+++ ENTRIES PROVIDED +++
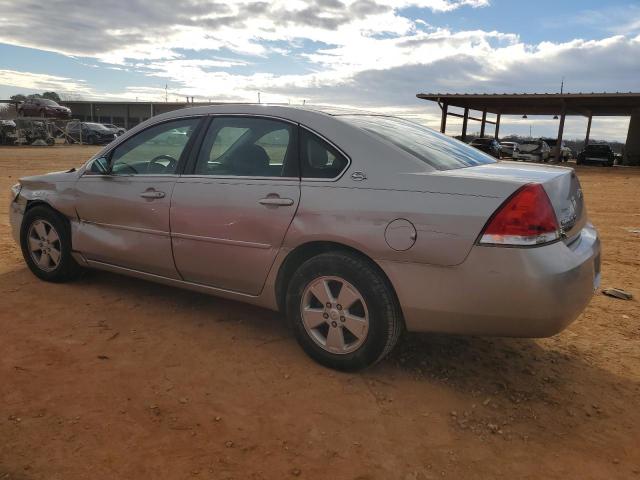 Photo 2 from auction – 2007 CHEVROLET IMPALA LT with VIN 2G1WT55N079256957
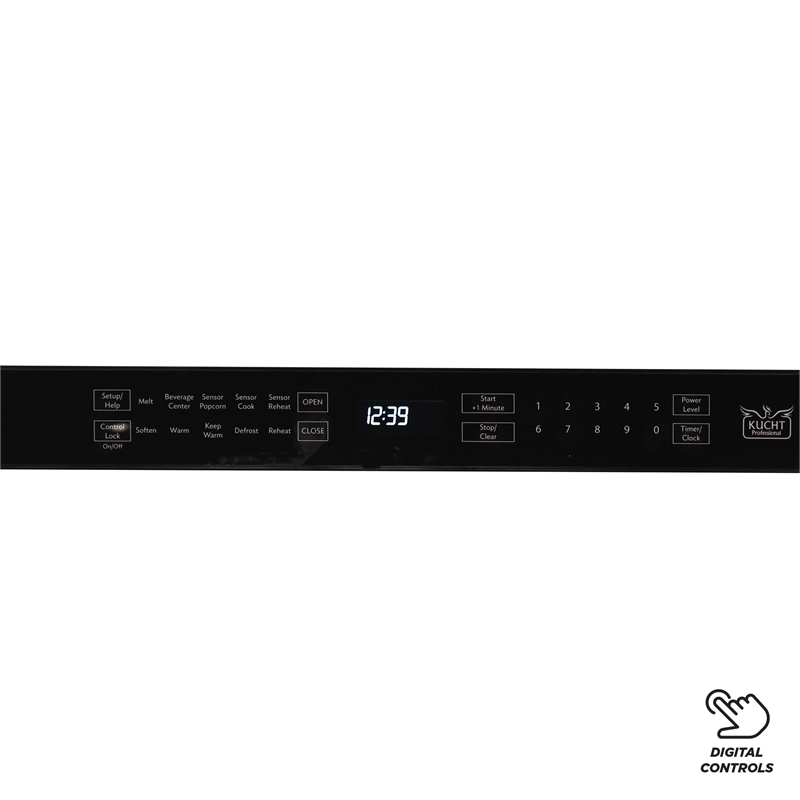Kucht Professional 23.8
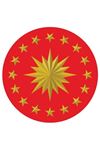REFERANS İLANIDIR ; Asya İşbirliğinde aralarında Ülkemizin ,Rusya,Kore,Azarbaycan,İran ve Diğer Ülkelerin Cumhurbaşkanlığı Toplantısında Masaüstü gereçlerinde Sümenvadisi'ni tercih etmişlerdir.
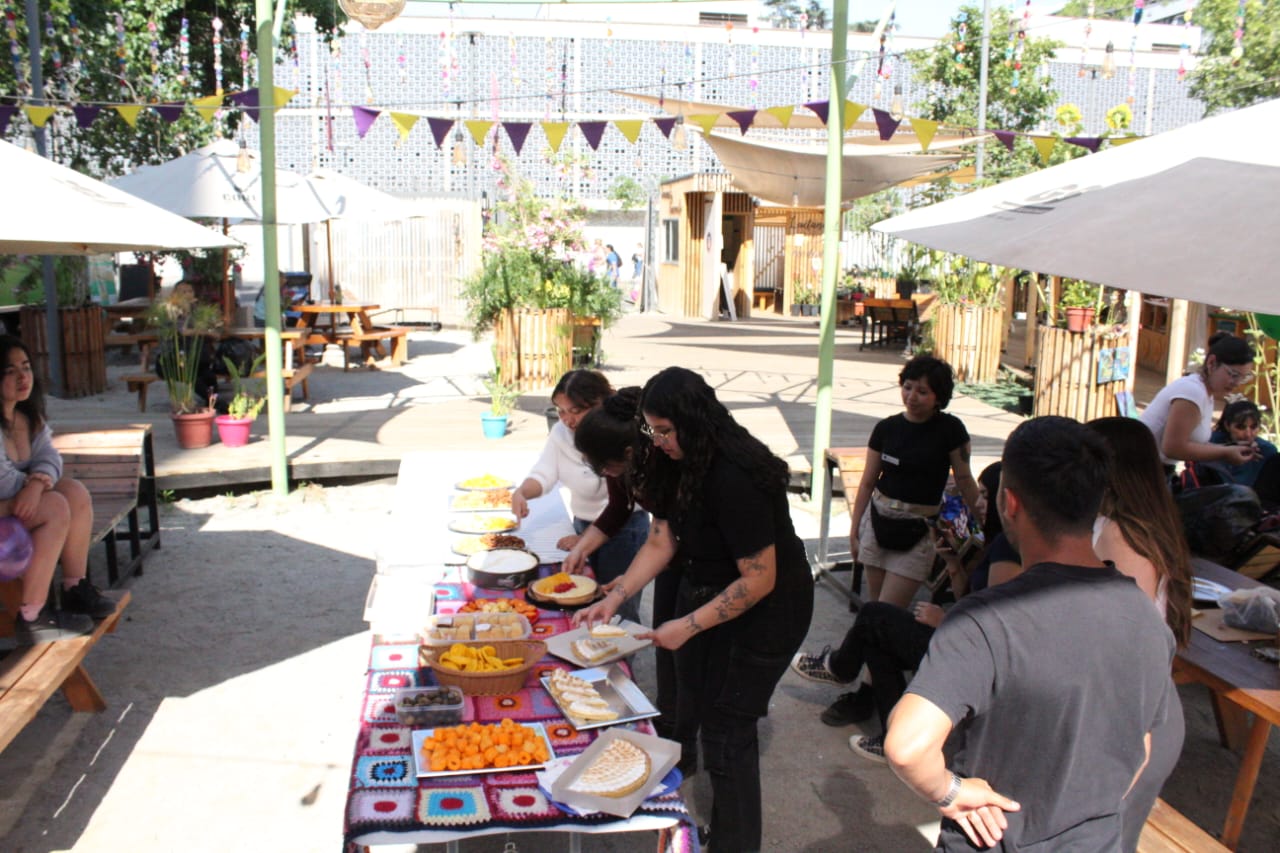 Cierre de proyecto TS 5
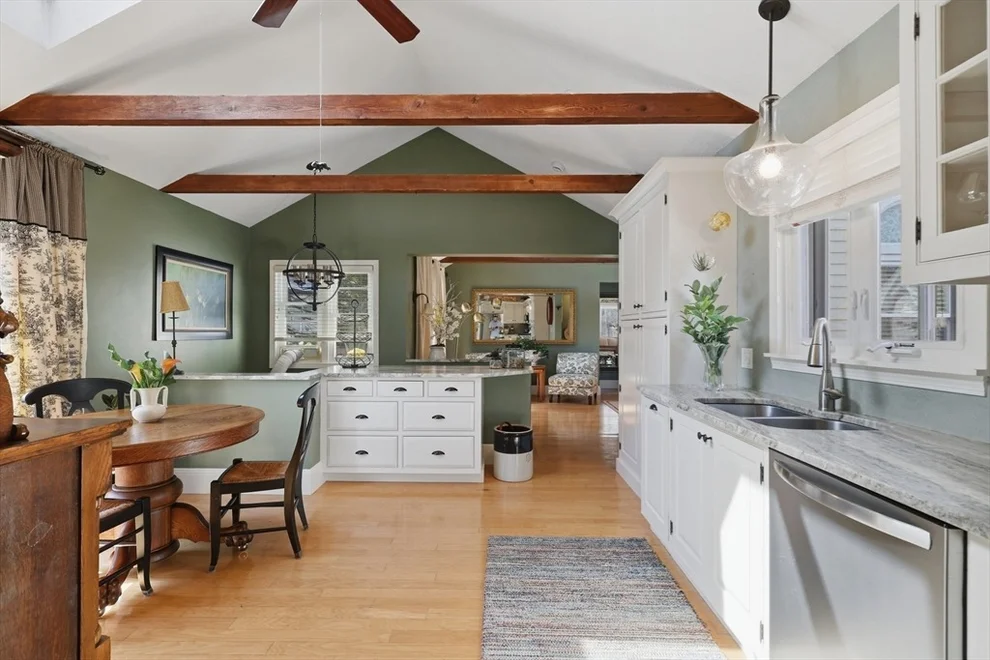 Unit for sale at 10 Spruce St., Danvers, MA 01923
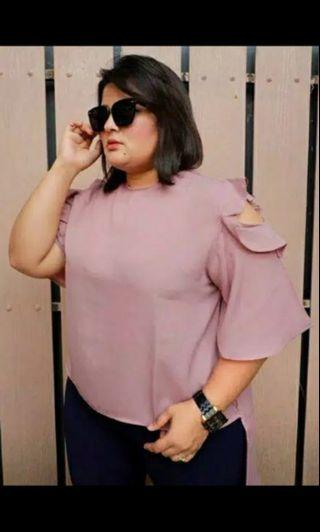 Urage Top Bigsize LD up to 130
+++
* [WHAT YOU NEED TO DO]: Please provide a faithful transcription of all the data, pictures excluded.

* [TASK OUTPUT]:
 Photo 2 from auction – 2007 CHEVROLET IMPALA LT with VIN 2G1WT55N079256957
Kucht Professional 23.8
REFERANS İLANIDIR ; Asya İşbirliğinde aralarında Ülkemizin ,Rusya,Kore,Azarbaycan,İran ve Diğer Ülkelerin Cumhurbaşkanlığı Toplantısında Masaüstü gereçlerinde Sümenvadisi'ni tercih etmişlerdir.
 Cierre de proyecto TS 5
 Unit for sale at 10 Spruce St., Danvers, MA 01923
 Urage Top Bigsize LD up to 130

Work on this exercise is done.